Start of TASK INPUT

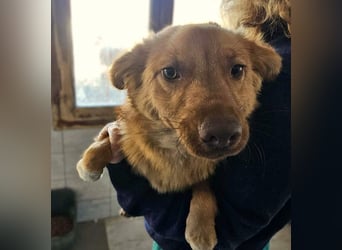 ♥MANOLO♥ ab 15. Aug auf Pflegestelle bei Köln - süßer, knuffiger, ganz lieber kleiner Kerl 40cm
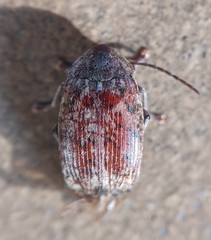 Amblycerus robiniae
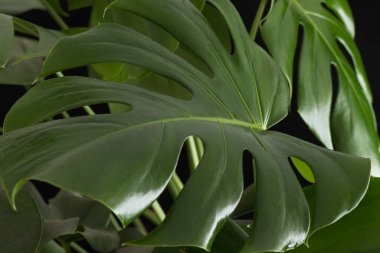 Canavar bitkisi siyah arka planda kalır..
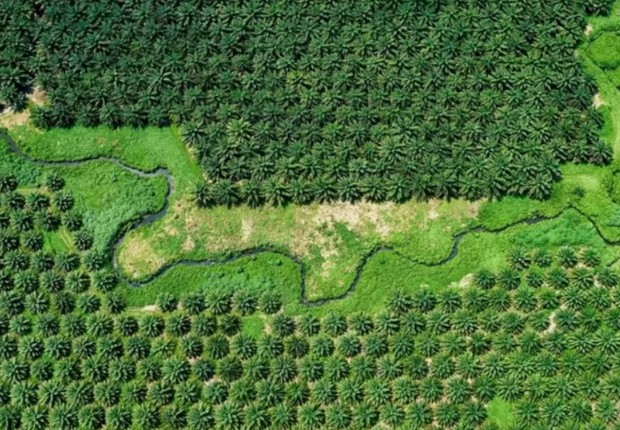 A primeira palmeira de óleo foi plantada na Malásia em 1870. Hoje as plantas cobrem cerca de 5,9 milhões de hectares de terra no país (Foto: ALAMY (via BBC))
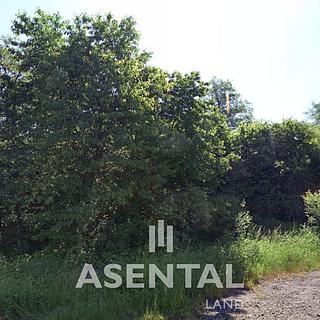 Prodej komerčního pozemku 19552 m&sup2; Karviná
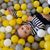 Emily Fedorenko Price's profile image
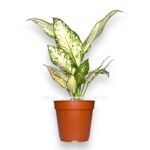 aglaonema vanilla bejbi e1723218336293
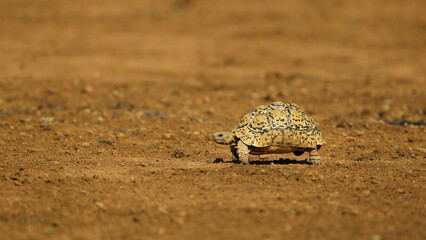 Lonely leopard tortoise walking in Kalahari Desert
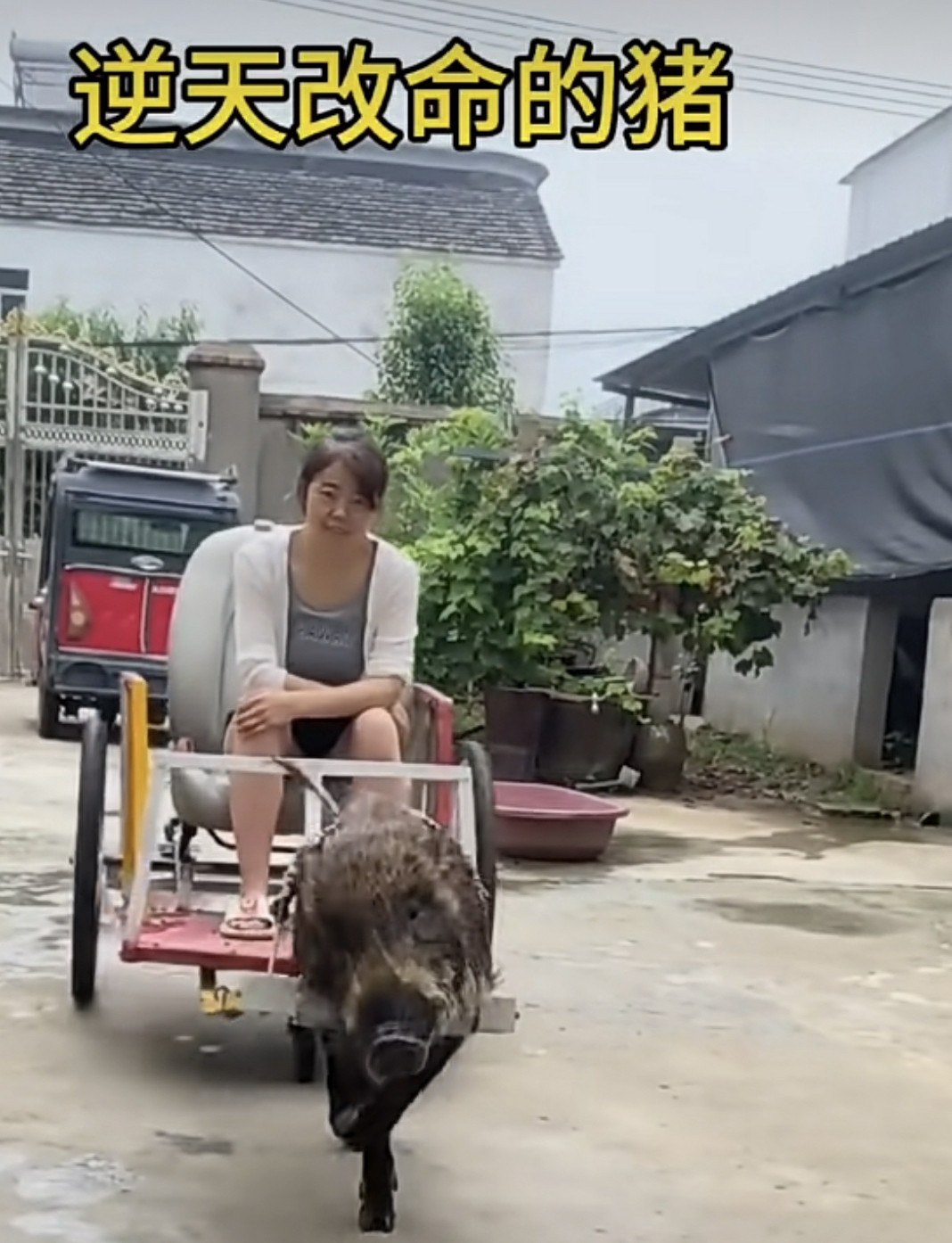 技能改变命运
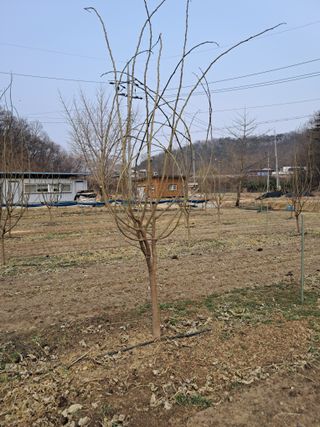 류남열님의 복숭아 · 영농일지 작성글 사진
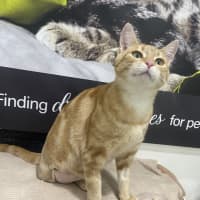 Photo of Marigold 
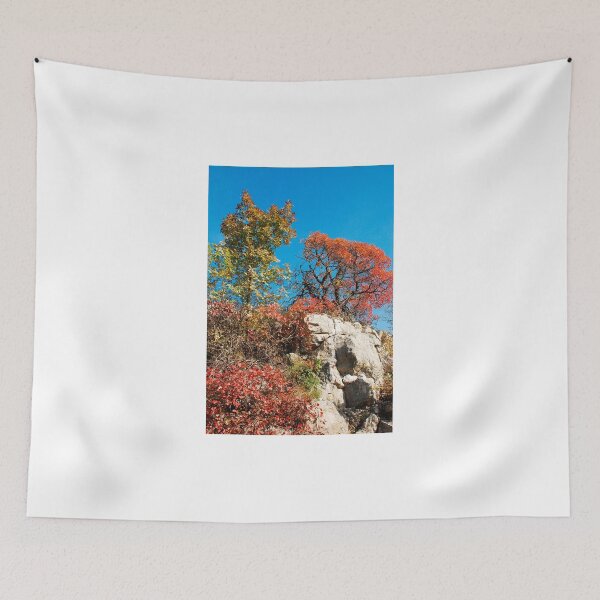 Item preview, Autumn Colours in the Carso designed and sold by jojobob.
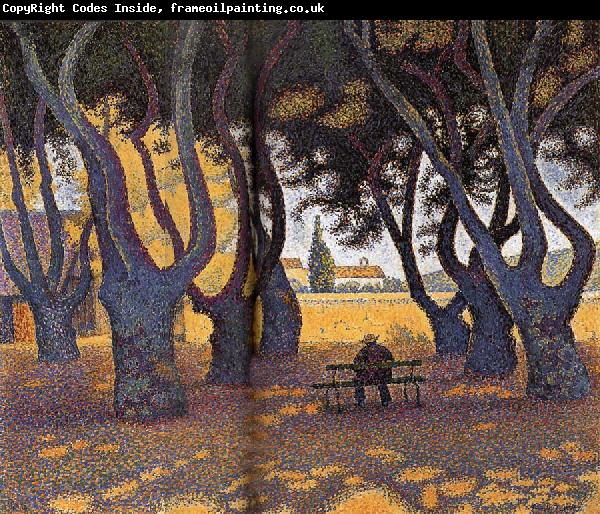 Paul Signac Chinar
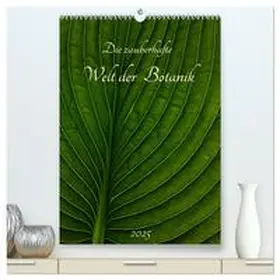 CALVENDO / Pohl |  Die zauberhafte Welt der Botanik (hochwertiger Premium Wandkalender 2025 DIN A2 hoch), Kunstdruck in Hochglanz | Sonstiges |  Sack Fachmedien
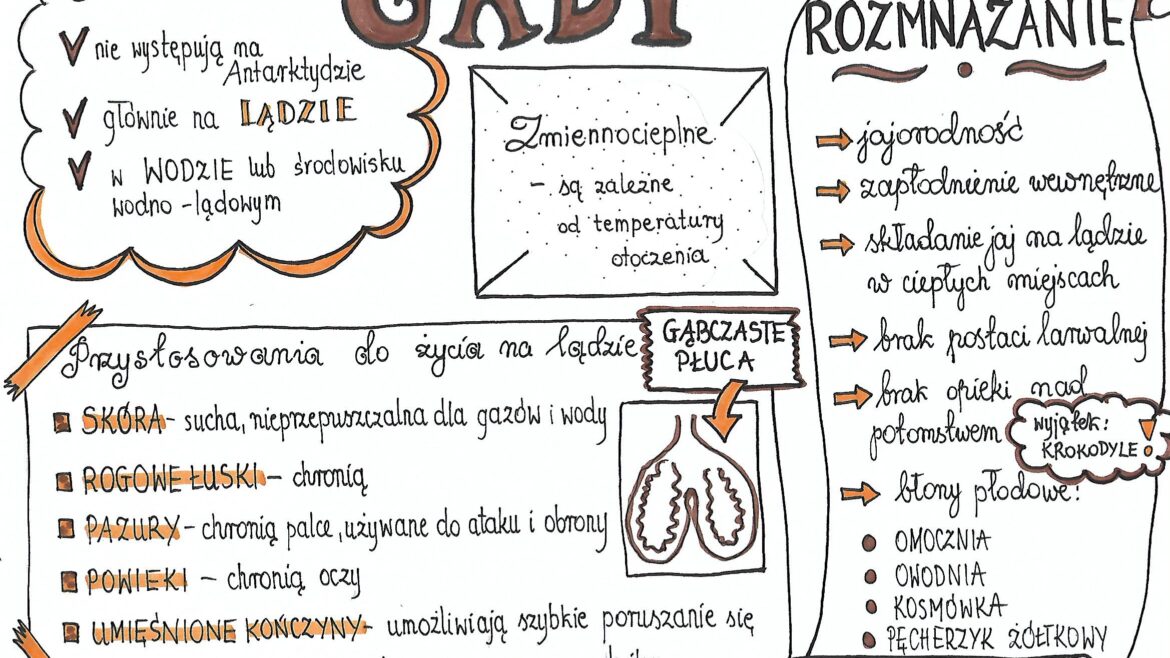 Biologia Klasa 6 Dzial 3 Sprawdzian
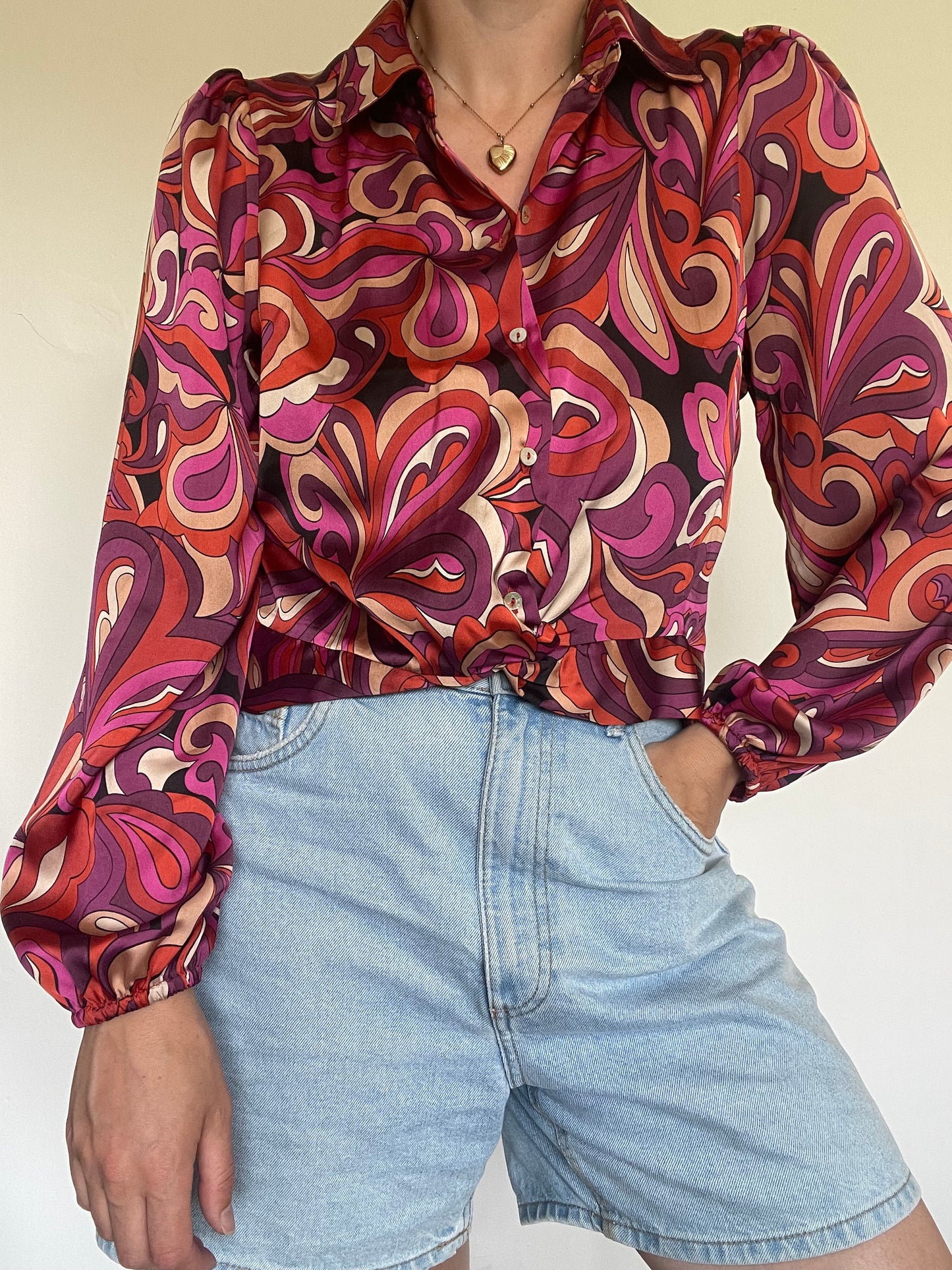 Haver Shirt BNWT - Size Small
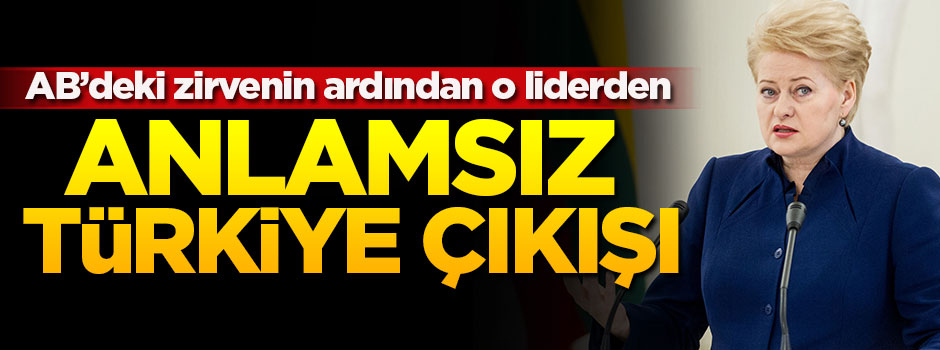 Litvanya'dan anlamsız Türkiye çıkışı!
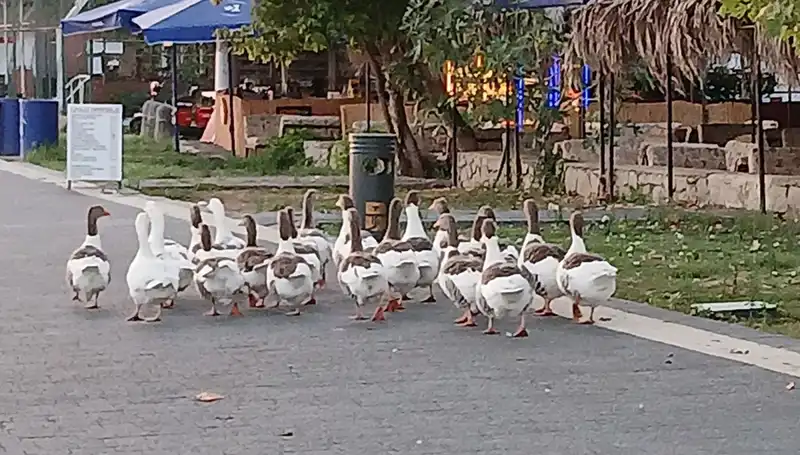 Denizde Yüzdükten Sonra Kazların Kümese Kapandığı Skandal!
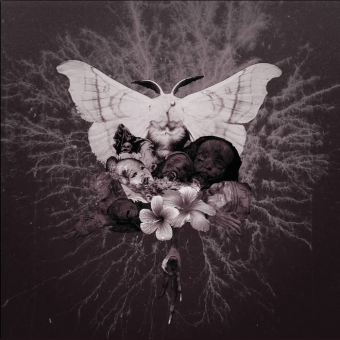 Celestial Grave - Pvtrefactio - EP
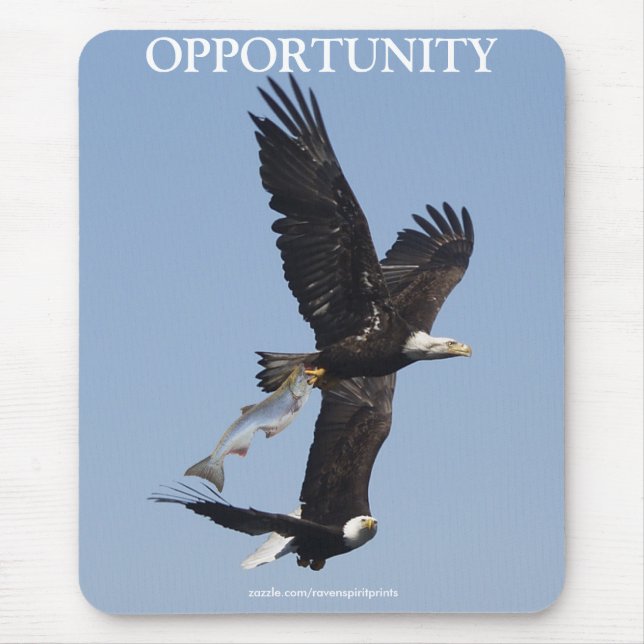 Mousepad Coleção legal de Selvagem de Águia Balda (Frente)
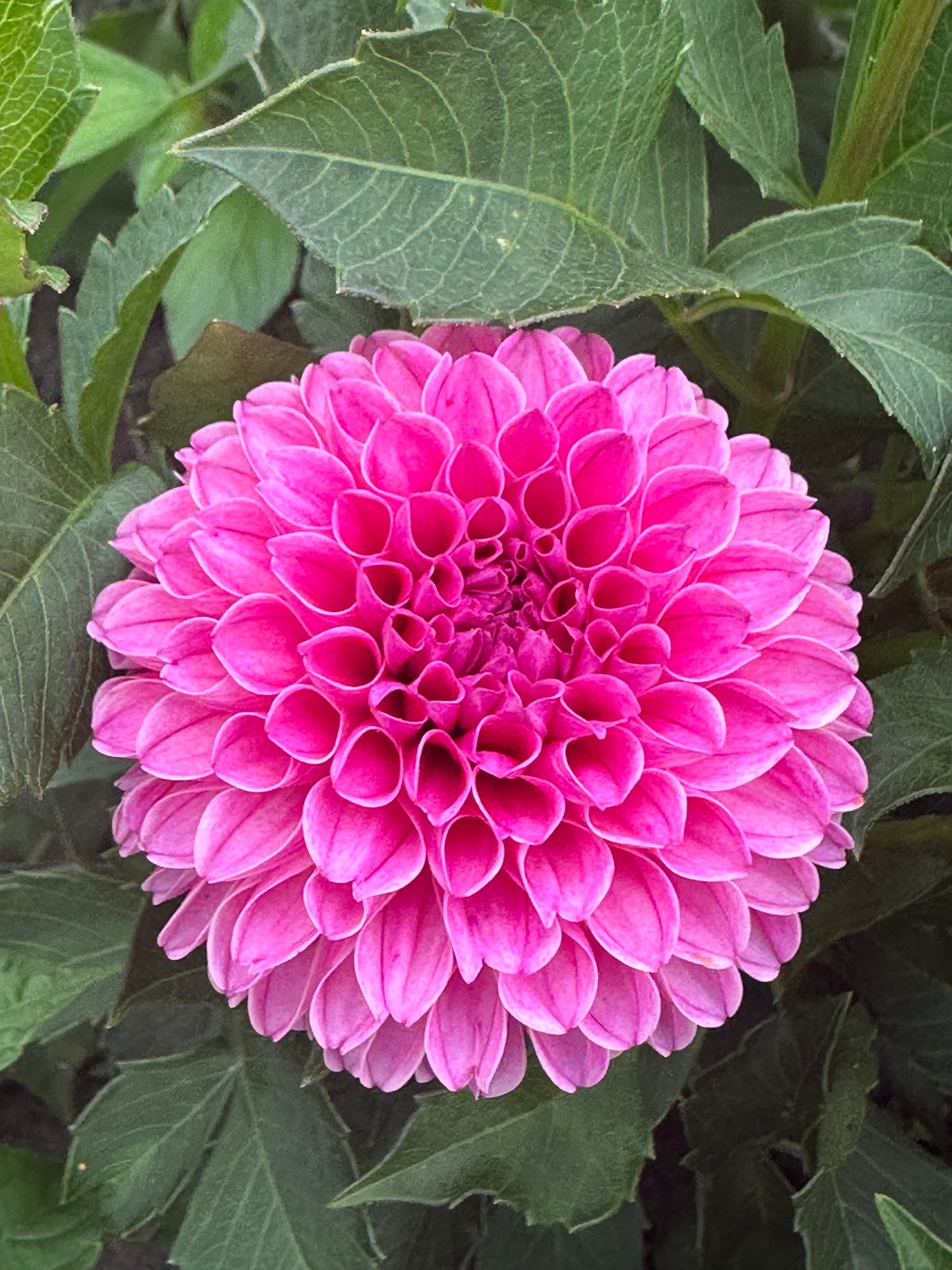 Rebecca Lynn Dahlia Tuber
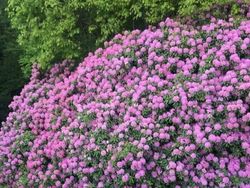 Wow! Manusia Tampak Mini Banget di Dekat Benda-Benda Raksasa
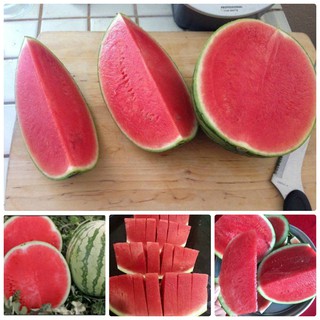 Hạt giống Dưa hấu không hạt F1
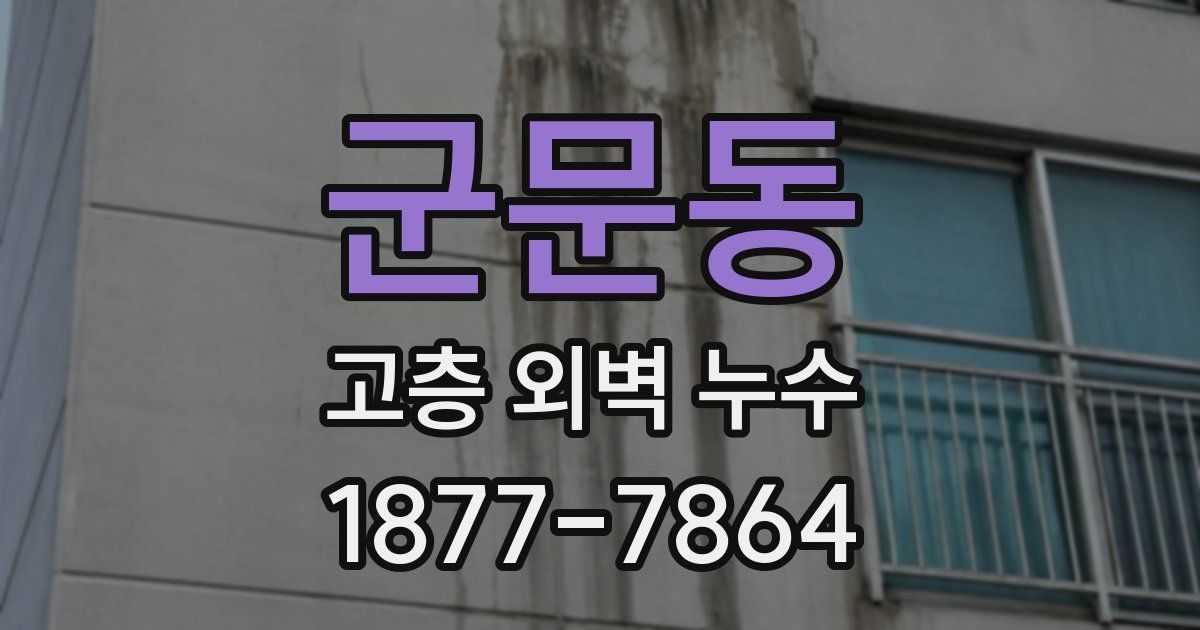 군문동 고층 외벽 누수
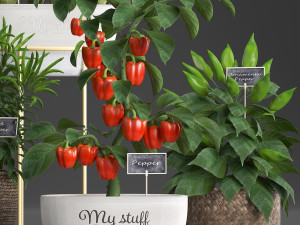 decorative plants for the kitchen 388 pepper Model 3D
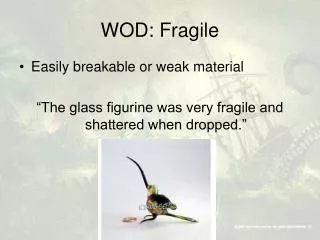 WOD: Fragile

End of TASK INPUT

TASK PROMPT
Only the pictures are to be omitted; the records above must otherwise be reproduced exactly.

RESULT BELOW
 ♥MANOLO♥ ab 15. Aug auf Pflegestelle bei Köln - süßer, knuffiger, ganz lieber kleiner Kerl 40cm
 Amblycerus robiniae
 Canavar bitkisi siyah arka planda kalır..
 A primeira palmeira de óleo foi plantada na Malásia em 1870. Hoje as plantas cobrem cerca de 5,9 milhões de hectares de terra no país (Foto: ALAMY (via BBC))
 Prodej komerčního pozemku 19552 m&sup2; Karviná
 Emily Fedorenko Price's profile image
 aglaonema vanilla bejbi e1723218336293
 Lonely leopard tortoise walking in Kalahari Desert
 技能改变命运
 류남열님의 복숭아 · 영농일지 작성글 사진
 Photo of Marigold 
 Item preview, Autumn Colours in the Carso designed and sold by jojobob.
 Paul Signac Chinar
 CALVENDO / Pohl |  Die zauberhafte Welt der Botanik (hochwertiger Premium Wandkalender 2025 DIN A2 hoch), Kunstdruck in Hochglanz | Sonstiges |  Sack Fachmedien
 Biologia Klasa 6 Dzial 3 Sprawdzian
 Haver Shirt BNWT - Size Small
 Litvanya'dan anlamsız Türkiye çıkışı!
 Denizde Yüzdükten Sonra Kazların Kümese Kapandığı Skandal!
 Celestial Grave - Pvtrefactio - EP
 Mousepad Coleção legal de Selvagem de Águia Balda (Frente)
 Rebecca Lynn Dahlia Tuber
 Wow! Manusia Tampak Mini Banget di Dekat Benda-Benda Raksasa
 Hạt giống Dưa hấu không hạt F1
 군문동 고층 외벽 누수
 decorative plants for the kitchen 388 pepper Model 3D
 WOD: Fragile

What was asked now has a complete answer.